I found a 1065 that looks pretty new for $1400. The guy doesn't know crap about machines. It was buried in Craigs list. What do you think?


----------



## Will (Jun 6, 2010)

Could be alright. Does it have a feeder? Wouldn't out much value in the cable, maybe 1000-1200.

Your general not cutting it?


----------



## SlickRick (Sep 3, 2009)

Will said:


> Could be alright. Does it have a feeder? Wouldn't out much value in the cable, maybe 1000-1200


Does have feeder and cable, but I can't see a foot switch. Are they anything special?


----------



## Tommy plumber (Feb 19, 2010)

I used a Spartan 1065 years ago, it had some torque...:yes: {I assume that is the machine you are speaking about.}


----------



## SlickRick (Sep 3, 2009)

Tommy plumber said:


> I used a Spartan 1065 years ago, it had some torque...:yes: {I assume that is the machine you are speaking about.}


Yeah, Spartan 1065. I don't have to have it, but if it is a deal. If not I'll just pass.


----------



## gear junkie (Jun 20, 2008)

Not a great deal....decent but not great. 1400 will buy a whole lotta electric eel cable.


----------



## SewerRatz (Apr 25, 2009)

If it runs it is a decent deal. If it don't run, then Id offer him 600 bucks. Depending on what year the machine was made it uses either a clipper switch (wall plug to pedal, pedal to machine) or an air foot switch. 

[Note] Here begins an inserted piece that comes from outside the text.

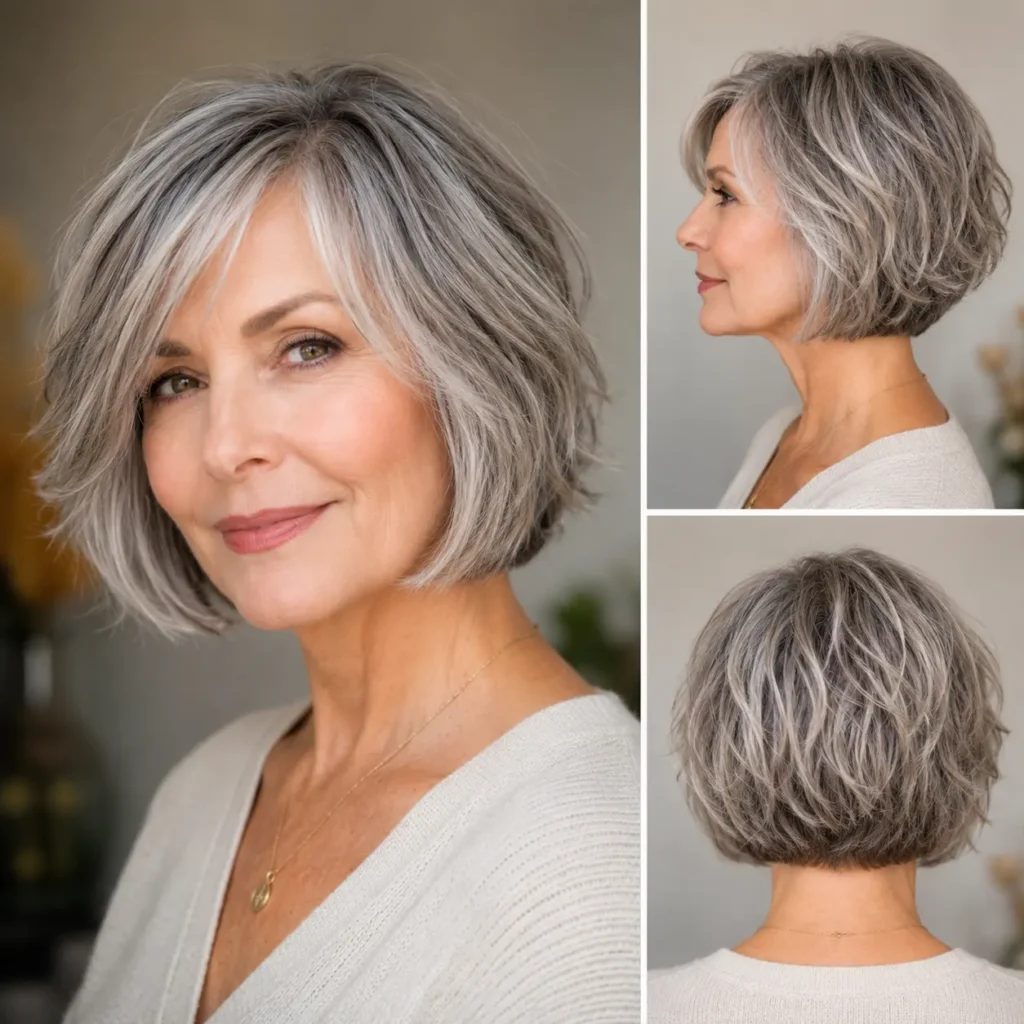 Textured silver bob haircut for women over 60 with fine hair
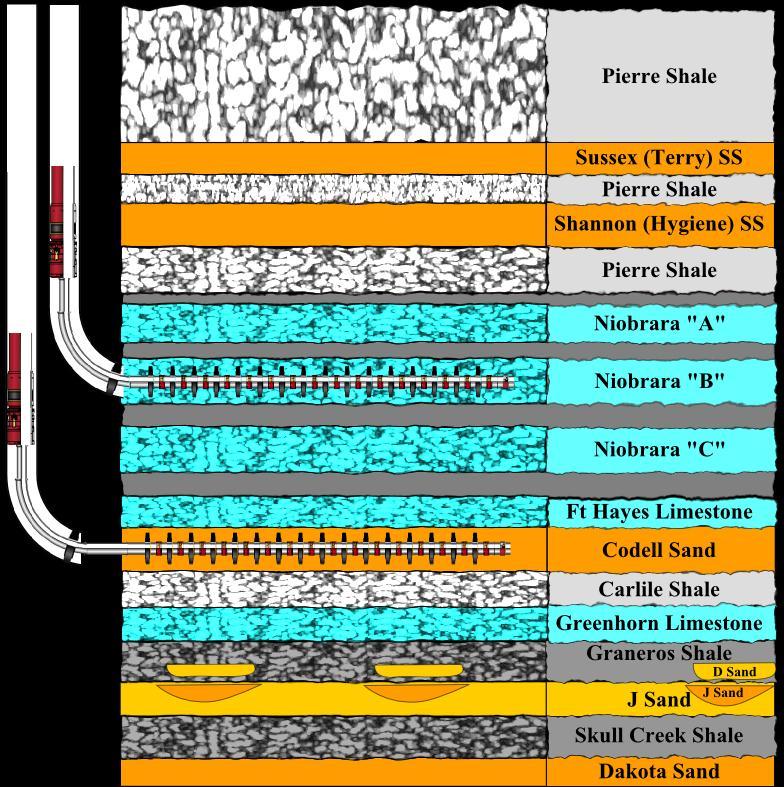 DJ Basin Stratigraphic Column Multiple Target Zones Current PDC Horizontal Program Data Drilling 3 to 5 well pads ~4,000 average lateral length 16 frac stages per well Drill time of 12-15 days spud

If it uses a clipper switch and its missing, look to spend about $180+ for a good one with a GFI.

Cable I always write off, never know if it was in acid, if its oil tempered or music wire, it may have plenty of kinks. The autofeed if it has bad bearings it is an easy enough of a fix and costs around 50 bucks to rebuild.

If it runs, I say talk him down to 1000 bucks, this way the 400 you save can go towards cable, foot switch(if missing) and feed rebuild.


----------